Ans: In order to separate the equation of pair of straight lines, we can have either of the following steps:
a. Factorization of the given second-degree equation of a pair of straight lines.
b. Or, we can make a quadratic in \(x\) from the given combined equation of a pair of straight lines, then the quadratic formula \(x = \frac{{ – b \pm \sqrt {{b^2} – 4ac} }}{{2a}}\)
c. Or, we can take the general equation of two straight lines, multiply it together, and then compare its coefficient with the given combined equation of a pair of straight lines.

Q.4. How to find the slope of pair of straight lines?
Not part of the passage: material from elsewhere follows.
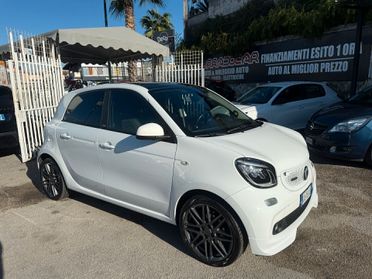 Smart ForFour BRABUS 0.9 109 CV NAVI E TETTO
Ans: If \(a{x^2} + 2hxy + b{y^2} + 2gx + 2fy + c = 0\) represent a pair of straight lines, then \({m_1} + {m_2} = \, – \frac{{2h}}{b},{m_1}{m_2} = \frac{a}{b}\) where \({m_1}\) and \({m_2}\) are the slopes of the straight lines. From the given relations, we can easily find the slope of pair of straight lines.

Q.5. How do you find a pair of straight lines?
Ans: A pair of straight lines is created when the product of two linear equations in \(x\) and \(y\) represents a straight line are done together. For example, if \(5x + y = 0\) and \(x + y = 0\) are the two straight lines, then the pair of straight lines are represented by \(\left({5x + y} \right)\left({x + y} \right) = 0 \Rightarrow 5{x^2} + 6xy + {y^2} = 0\).